Records from a collection
--

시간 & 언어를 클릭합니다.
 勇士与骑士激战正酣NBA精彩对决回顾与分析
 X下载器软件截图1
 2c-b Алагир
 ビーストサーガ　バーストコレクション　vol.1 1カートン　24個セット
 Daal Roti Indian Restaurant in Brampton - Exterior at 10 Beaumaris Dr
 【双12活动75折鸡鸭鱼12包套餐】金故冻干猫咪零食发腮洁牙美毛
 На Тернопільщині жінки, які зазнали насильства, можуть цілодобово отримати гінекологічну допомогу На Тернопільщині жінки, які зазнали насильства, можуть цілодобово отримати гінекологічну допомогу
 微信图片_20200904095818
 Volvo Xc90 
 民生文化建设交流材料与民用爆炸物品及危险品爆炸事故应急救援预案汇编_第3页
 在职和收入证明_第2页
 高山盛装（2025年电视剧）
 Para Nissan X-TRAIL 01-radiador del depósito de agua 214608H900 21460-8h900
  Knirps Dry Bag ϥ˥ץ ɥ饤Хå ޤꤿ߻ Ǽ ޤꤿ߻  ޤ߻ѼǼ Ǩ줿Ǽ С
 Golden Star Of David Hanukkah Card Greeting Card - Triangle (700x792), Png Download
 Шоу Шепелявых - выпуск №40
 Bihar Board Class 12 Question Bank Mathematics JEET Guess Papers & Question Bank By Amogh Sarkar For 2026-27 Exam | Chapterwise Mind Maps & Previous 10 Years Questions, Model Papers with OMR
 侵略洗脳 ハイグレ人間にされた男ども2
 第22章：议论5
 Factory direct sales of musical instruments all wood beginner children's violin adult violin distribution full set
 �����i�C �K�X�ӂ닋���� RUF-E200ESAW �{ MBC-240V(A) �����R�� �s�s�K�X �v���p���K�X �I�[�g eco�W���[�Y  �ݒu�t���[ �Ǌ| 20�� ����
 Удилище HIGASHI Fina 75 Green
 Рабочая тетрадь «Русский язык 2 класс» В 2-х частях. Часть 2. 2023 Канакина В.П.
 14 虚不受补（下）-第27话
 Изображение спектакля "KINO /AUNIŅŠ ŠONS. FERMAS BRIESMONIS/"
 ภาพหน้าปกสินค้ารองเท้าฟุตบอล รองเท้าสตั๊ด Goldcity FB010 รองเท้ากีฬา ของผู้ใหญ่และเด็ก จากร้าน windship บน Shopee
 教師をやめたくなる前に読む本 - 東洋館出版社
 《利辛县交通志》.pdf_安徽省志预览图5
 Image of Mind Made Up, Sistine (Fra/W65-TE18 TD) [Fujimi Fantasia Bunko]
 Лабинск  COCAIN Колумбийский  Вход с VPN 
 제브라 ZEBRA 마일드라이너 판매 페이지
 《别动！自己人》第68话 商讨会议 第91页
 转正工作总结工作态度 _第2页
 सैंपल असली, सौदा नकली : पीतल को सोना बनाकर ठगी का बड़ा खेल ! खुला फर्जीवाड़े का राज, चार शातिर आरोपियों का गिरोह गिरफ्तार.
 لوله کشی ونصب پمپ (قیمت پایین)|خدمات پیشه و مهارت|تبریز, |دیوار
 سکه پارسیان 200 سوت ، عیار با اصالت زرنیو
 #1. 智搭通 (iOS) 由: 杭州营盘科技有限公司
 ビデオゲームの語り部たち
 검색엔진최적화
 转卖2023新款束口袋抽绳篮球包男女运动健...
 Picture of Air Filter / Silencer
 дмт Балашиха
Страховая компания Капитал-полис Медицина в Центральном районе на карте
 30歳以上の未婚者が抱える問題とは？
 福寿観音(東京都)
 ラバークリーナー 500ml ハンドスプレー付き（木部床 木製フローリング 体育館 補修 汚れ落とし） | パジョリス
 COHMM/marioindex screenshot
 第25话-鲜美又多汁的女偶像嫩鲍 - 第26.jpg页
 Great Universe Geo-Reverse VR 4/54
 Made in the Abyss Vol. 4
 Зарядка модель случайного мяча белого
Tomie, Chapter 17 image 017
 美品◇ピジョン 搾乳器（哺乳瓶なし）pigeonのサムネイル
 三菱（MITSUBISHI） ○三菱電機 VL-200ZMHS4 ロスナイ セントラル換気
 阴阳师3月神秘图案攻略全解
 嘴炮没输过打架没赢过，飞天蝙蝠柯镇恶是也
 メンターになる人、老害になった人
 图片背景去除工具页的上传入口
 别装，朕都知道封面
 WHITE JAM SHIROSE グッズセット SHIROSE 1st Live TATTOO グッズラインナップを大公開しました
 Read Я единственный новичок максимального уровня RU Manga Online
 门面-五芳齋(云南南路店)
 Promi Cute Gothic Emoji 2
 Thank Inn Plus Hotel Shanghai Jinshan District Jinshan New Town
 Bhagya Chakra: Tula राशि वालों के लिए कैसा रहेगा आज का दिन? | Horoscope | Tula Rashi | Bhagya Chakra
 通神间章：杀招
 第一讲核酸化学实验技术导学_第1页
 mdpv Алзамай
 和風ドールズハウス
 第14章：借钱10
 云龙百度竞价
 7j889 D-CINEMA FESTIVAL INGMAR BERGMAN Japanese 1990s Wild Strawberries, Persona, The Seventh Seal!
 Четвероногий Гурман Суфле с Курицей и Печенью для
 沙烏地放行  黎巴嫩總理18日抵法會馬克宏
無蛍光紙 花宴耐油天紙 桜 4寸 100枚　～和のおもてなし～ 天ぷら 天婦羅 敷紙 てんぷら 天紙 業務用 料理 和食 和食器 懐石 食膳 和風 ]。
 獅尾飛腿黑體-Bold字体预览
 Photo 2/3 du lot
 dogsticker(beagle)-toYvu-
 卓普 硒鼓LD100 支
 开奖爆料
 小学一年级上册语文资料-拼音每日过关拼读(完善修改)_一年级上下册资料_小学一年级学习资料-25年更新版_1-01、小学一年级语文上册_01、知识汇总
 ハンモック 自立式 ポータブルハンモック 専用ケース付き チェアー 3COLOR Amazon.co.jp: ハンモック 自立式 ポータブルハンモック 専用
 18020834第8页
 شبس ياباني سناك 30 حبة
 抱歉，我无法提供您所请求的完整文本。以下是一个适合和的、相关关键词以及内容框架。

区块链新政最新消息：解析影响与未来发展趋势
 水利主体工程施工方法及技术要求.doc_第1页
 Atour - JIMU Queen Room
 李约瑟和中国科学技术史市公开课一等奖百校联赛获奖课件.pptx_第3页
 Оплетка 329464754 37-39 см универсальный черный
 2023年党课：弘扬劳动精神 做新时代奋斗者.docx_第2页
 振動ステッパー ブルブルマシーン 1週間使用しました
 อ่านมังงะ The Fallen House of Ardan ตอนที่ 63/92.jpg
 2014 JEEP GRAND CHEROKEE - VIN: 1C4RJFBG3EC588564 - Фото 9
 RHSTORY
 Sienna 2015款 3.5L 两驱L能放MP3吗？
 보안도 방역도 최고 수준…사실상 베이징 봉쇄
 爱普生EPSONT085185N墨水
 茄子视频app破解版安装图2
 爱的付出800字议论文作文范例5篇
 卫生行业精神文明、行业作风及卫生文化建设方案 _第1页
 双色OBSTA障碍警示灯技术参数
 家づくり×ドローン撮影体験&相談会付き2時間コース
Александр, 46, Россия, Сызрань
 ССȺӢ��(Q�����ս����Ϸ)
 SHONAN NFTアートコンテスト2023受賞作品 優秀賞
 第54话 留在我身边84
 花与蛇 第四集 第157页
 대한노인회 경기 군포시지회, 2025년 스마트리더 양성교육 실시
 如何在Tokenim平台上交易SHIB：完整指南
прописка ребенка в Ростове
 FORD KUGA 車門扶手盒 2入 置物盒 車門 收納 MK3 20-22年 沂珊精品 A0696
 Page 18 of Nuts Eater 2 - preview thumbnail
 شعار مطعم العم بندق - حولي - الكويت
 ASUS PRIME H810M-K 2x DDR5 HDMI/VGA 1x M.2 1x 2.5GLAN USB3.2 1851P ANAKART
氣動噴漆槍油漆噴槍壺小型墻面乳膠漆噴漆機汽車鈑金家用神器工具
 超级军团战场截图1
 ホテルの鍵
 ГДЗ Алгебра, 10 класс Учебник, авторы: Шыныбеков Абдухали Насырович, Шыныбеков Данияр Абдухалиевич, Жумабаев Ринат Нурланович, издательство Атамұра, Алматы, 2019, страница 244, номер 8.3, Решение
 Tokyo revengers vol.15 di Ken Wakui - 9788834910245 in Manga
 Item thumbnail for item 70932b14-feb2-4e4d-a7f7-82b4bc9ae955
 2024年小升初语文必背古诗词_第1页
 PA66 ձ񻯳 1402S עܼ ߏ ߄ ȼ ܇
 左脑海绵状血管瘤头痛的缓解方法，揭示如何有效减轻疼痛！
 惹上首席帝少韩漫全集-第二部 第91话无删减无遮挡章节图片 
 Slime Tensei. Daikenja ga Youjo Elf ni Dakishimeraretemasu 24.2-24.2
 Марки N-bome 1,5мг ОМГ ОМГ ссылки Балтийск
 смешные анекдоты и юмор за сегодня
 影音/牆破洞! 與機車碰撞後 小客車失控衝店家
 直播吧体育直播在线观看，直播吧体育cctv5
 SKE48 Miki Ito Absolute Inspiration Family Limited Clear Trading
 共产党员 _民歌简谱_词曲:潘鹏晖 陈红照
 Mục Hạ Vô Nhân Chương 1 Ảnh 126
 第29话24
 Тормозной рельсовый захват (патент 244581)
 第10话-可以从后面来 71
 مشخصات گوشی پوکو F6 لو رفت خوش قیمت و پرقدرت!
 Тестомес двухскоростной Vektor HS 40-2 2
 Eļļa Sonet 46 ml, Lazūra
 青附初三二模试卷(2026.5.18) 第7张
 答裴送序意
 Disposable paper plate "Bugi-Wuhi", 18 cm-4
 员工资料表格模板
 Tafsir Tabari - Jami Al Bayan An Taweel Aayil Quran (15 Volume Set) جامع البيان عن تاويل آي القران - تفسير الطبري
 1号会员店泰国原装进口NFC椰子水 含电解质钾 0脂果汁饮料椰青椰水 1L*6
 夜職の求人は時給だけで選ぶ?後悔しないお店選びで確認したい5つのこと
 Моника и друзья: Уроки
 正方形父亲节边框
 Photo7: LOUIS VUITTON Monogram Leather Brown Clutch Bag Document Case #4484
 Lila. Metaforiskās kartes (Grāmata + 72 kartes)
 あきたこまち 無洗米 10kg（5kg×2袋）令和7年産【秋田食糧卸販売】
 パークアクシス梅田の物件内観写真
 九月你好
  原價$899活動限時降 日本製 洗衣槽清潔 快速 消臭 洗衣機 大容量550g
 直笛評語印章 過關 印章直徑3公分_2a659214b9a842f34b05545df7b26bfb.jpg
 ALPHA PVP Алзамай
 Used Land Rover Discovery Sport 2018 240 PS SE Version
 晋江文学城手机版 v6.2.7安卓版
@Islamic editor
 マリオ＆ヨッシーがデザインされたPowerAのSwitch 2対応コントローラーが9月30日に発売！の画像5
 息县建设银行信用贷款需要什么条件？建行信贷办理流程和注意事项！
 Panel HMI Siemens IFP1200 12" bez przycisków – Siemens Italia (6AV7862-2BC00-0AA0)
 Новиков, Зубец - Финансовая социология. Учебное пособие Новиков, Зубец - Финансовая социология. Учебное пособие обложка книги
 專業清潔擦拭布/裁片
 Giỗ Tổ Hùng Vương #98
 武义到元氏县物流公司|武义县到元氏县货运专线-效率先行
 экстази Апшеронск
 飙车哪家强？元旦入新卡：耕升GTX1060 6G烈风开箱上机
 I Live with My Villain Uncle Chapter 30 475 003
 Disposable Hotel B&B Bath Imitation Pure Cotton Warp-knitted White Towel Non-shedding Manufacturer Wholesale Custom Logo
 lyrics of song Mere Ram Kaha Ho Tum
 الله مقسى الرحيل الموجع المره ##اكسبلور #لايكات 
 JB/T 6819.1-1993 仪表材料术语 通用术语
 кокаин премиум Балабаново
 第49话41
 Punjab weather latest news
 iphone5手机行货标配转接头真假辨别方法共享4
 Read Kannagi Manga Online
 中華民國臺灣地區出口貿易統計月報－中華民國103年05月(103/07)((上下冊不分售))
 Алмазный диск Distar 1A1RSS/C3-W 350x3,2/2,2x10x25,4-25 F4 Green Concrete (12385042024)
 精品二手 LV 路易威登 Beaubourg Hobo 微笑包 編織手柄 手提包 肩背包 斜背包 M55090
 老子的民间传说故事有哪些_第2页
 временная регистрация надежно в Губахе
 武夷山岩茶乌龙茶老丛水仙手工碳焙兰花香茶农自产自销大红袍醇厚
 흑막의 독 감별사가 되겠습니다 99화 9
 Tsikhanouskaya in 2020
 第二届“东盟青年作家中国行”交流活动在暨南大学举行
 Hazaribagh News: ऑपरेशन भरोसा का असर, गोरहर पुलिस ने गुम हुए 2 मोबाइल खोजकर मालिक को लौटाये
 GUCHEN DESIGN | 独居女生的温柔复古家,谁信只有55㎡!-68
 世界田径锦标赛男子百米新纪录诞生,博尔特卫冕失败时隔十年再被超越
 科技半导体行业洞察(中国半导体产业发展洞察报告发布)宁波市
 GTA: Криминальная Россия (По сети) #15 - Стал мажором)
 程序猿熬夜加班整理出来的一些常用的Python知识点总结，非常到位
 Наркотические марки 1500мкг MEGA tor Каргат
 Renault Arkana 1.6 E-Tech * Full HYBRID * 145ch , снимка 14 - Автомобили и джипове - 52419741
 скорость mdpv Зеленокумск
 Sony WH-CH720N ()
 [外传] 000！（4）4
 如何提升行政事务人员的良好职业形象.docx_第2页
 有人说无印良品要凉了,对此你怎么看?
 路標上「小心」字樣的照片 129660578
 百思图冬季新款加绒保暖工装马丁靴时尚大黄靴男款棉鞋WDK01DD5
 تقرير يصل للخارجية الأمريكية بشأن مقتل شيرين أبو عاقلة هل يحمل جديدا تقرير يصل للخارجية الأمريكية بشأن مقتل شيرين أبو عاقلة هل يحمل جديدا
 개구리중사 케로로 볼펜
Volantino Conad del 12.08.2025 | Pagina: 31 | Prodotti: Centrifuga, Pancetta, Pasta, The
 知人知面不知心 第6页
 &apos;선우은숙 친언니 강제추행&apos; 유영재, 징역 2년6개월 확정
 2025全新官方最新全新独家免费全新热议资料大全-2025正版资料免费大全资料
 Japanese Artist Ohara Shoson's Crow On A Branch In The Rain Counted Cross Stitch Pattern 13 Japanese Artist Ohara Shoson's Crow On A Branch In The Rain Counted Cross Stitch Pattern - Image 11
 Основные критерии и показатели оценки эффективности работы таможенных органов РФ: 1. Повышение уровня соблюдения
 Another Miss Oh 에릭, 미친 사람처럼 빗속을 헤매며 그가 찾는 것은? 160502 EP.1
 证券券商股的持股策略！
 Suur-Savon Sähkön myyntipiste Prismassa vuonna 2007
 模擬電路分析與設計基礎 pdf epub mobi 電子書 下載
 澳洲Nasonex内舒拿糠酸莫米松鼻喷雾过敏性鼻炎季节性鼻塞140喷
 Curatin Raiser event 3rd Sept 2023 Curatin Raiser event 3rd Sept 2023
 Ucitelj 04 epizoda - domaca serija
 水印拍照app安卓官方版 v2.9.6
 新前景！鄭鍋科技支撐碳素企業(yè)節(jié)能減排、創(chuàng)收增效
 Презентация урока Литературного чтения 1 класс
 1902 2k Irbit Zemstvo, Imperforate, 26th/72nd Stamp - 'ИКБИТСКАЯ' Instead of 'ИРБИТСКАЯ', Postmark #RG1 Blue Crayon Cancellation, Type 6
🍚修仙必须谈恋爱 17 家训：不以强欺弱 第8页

--

| Required action |
Lines from the first one above through the line containing "Удилище HIGASHI Fina 75 Green" are to be retyped exactly, both included, and nothing more.

| Response to this exercise |
시간 & 언어를 클릭합니다.
 勇士与骑士激战正酣NBA精彩对决回顾与分析
 X下载器软件截图1
 2c-b Алагир
 ビーストサーガ　バーストコレクション　vol.1 1カートン　24個セット
 Daal Roti Indian Restaurant in Brampton - Exterior at 10 Beaumaris Dr
 【双12活动75折鸡鸭鱼12包套餐】金故冻干猫咪零食发腮洁牙美毛
 На Тернопільщині жінки, які зазнали насильства, можуть цілодобово отримати гінекологічну допомогу На Тернопільщині жінки, які зазнали насильства, можуть цілодобово отримати гінекологічну допомогу
 微信图片_20200904095818
 Volvo Xc90 
 民生文化建设交流材料与民用爆炸物品及危险品爆炸事故应急救援预案汇编_第3页
 在职和收入证明_第2页
 高山盛装（2025年电视剧）
 Para Nissan X-TRAIL 01-radiador del depósito de agua 214608H900 21460-8h900
  Knirps Dry Bag ϥ˥ץ ɥ饤Хå ޤꤿ߻ Ǽ ޤꤿ߻  ޤ߻ѼǼ Ǩ줿Ǽ С
 Golden Star Of David Hanukkah Card Greeting Card - Triangle (700x792), Png Download
 Шоу Шепелявых - выпуск №40
 Bihar Board Class 12 Question Bank Mathematics JEET Guess Papers & Question Bank By Amogh Sarkar For 2026-27 Exam | Chapterwise Mind Maps & Previous 10 Years Questions, Model Papers with OMR
 侵略洗脳 ハイグレ人間にされた男ども2
 第22章：议论5
 Factory direct sales of musical instruments all wood beginner children's violin adult violin distribution full set
 �����i�C �K�X�ӂ닋���� RUF-E200ESAW �{ MBC-240V(A) �����R�� �s�s�K�X �v���p���K�X �I�[�g eco�W���[�Y  �ݒu�t���[ �Ǌ| 20�� ����
 Удилище HIGASHI Fina 75 Green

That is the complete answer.